Quit Now! -- SPOKANE -- There's good news for smokers who have a hard time quitting: If you "commit to quit" today, you won't be alone. Thursday, Nov. 20, is the 27th annual Great American Smokeout, a nationwide anti-smoking effort sponsored by the American Cancer Society and coordinated locally by the Spokane Regional Health District's Tobacco Prevention and Control Program. More smokers have quit during the Great American Smokeout than on any other day of the year.


"One in five Spokane county adults are smokers," says Melanie Rose, spokesperson for the SRHD. "We want people to use the Great American Smokeout as the day they commit to quit tobacco products."

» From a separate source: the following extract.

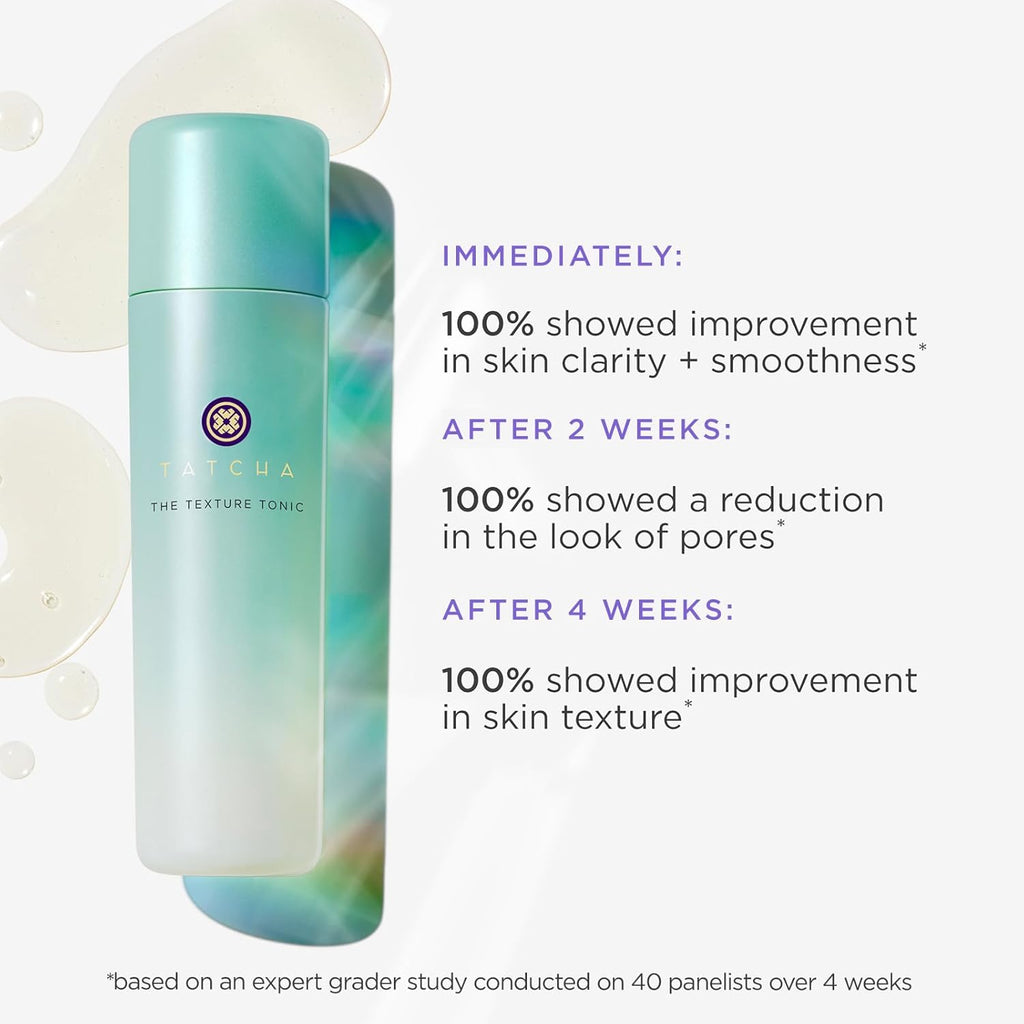 TATCHA The Water Cream & Texture Tonic Bundle - Hydrating Skincare Set | 1.7 oz & 5 oz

Anyone who's willing to give up their pack of cigarettes or chewing tobacco can get a free slice of pizza at David's Pizza, located at on the corner of Boone and Hamilton, or a free turkey sandwich from Quizno's at 905 S. Grand Blvd. or in the Spokane Valley Mall.


Free "quit kits" will be passed out to smokers across town.


"[The quit kits] have information about how to quit smoking and the phone number for the quit line," says Rose. According to the SRHD, the average smoker attempts to quit five to seven times before succeeding.





To get help on quitting smoking, call the Washington Tobacco Quit Line, (877) 270-STOP or visit: www.cancer.org





Results Wanted -- SPOKANE -- The Washington State Department of Ecology will give out $87 million next year to projects that attempt to protect and improve water quality across the state.


That's down from $115.3 million in the last funding cycle. Another big change is that communities receiving grants or loans from Ecology will have to show that they are actually solving the problems they say they are working on.


"We've always worked with communities to be sure they spend the money on the things they said they would," says Dick Wallace, manager of the Ecology water quality program. "The difference is, now we'll also require them to show how their projects achieved actual environmental benefits."


The new rules are a direct response to the legislature's request that state agencies watch their expenditures more closely while the state wrestles with its deficit.


If a community can't demonstrate that the water project in question actually worked, it's more likely not to get any more funding.


"The bottom line," says Wallace, "is these projects are a huge investment of public funds. We need to find out whether that investment pays off."